**WHAT IS BEING ASKED**
Your answer must hold only the lines below from the line containing "memahami-kesehatan-hernia-femoralis-gejala-dan-pengobatannya" through the line containing "Estiramiento del Abdomen", each reproduced exactly.

**MATERIAL FOR THIS TASK**
□ □ □ □ □
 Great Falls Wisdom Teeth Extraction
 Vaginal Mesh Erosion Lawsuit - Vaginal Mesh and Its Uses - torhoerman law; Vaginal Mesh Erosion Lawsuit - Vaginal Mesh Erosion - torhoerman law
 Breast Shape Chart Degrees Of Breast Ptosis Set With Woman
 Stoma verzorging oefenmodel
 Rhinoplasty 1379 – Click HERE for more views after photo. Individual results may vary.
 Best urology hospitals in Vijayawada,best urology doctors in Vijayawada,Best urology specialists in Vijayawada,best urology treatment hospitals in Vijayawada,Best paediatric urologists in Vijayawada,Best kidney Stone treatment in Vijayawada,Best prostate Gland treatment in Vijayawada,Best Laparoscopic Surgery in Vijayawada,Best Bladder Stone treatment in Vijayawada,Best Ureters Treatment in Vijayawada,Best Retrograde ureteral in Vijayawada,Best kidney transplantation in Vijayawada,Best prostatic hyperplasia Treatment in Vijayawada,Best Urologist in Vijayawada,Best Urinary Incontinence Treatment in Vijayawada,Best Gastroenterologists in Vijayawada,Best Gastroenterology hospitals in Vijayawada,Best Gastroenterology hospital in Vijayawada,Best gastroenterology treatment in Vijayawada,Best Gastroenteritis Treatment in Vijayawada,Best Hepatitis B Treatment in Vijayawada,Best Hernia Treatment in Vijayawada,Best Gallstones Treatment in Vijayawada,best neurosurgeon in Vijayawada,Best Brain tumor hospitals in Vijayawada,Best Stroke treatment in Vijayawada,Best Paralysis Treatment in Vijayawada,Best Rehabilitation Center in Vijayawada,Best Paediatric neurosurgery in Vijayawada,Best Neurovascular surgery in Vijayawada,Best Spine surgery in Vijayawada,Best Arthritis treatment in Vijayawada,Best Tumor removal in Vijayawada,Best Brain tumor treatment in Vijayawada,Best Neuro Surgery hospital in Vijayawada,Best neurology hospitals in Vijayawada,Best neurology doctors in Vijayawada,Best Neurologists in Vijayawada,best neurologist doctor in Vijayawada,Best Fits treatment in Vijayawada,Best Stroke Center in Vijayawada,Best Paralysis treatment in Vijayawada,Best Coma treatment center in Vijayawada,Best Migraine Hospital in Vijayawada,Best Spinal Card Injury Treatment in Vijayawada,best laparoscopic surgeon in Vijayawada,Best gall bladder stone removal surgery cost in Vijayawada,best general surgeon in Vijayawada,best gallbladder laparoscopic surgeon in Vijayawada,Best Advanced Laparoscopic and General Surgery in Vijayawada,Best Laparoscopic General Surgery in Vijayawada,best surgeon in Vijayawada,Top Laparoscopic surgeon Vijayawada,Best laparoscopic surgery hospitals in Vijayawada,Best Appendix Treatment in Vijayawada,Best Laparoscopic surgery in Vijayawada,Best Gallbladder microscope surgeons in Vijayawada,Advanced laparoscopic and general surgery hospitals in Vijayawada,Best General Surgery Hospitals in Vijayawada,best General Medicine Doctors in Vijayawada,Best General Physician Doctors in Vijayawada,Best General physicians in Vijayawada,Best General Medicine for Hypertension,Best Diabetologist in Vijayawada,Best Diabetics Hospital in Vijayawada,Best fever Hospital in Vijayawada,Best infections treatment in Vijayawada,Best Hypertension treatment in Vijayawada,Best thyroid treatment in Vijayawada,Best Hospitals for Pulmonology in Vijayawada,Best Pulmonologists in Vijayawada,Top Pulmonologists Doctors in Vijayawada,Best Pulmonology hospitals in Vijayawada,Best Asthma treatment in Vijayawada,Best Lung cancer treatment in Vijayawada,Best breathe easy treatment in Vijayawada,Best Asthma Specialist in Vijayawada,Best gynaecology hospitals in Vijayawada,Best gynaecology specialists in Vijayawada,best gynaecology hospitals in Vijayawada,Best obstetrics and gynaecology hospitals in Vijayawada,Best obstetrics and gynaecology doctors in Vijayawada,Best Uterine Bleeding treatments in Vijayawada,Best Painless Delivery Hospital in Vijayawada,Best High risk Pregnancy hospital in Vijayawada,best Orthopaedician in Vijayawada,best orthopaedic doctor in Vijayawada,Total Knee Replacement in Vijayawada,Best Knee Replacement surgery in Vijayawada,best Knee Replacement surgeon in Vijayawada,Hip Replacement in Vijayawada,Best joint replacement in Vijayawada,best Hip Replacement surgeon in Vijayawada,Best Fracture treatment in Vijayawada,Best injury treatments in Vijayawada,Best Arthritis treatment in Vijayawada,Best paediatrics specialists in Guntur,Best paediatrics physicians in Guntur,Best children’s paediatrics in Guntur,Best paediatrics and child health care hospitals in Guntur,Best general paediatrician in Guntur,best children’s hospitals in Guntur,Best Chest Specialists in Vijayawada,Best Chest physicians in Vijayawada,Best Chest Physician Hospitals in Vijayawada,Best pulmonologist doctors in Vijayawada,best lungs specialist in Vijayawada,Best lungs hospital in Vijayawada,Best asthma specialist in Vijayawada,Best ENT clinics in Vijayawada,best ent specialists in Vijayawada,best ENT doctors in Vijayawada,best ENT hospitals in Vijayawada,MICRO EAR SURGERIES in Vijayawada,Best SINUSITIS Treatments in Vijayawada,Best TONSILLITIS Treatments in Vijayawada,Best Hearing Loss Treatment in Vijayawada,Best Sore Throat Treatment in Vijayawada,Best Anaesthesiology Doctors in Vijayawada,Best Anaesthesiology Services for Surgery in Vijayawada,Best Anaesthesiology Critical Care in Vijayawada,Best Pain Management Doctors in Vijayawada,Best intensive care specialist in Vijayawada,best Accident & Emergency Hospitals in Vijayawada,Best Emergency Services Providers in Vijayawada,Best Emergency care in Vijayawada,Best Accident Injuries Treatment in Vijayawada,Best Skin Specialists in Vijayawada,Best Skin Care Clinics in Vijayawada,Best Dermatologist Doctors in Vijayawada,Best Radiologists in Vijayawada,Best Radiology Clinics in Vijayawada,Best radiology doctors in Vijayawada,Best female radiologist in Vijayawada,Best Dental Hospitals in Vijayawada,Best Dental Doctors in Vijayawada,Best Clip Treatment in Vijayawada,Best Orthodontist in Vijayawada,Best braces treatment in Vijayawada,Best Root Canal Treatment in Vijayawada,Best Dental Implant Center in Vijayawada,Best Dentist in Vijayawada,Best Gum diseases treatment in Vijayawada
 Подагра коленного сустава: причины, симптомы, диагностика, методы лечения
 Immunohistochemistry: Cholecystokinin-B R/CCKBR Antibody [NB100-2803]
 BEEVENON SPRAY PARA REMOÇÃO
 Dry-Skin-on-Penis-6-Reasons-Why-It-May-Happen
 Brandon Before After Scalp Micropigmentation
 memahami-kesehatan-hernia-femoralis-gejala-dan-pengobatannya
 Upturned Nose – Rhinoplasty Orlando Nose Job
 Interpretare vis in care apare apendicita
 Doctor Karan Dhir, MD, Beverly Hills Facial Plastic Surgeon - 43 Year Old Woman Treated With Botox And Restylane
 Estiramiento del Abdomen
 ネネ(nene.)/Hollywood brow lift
□ □ □ □ □
**RESULT**
 memahami-kesehatan-hernia-femoralis-gejala-dan-pengobatannya
 Upturned Nose – Rhinoplasty Orlando Nose Job
 Interpretare vis in care apare apendicita
 Doctor Karan Dhir, MD, Beverly Hills Facial Plastic Surgeon - 43 Year Old Woman Treated With Botox And Restylane
 Estiramiento del Abdomen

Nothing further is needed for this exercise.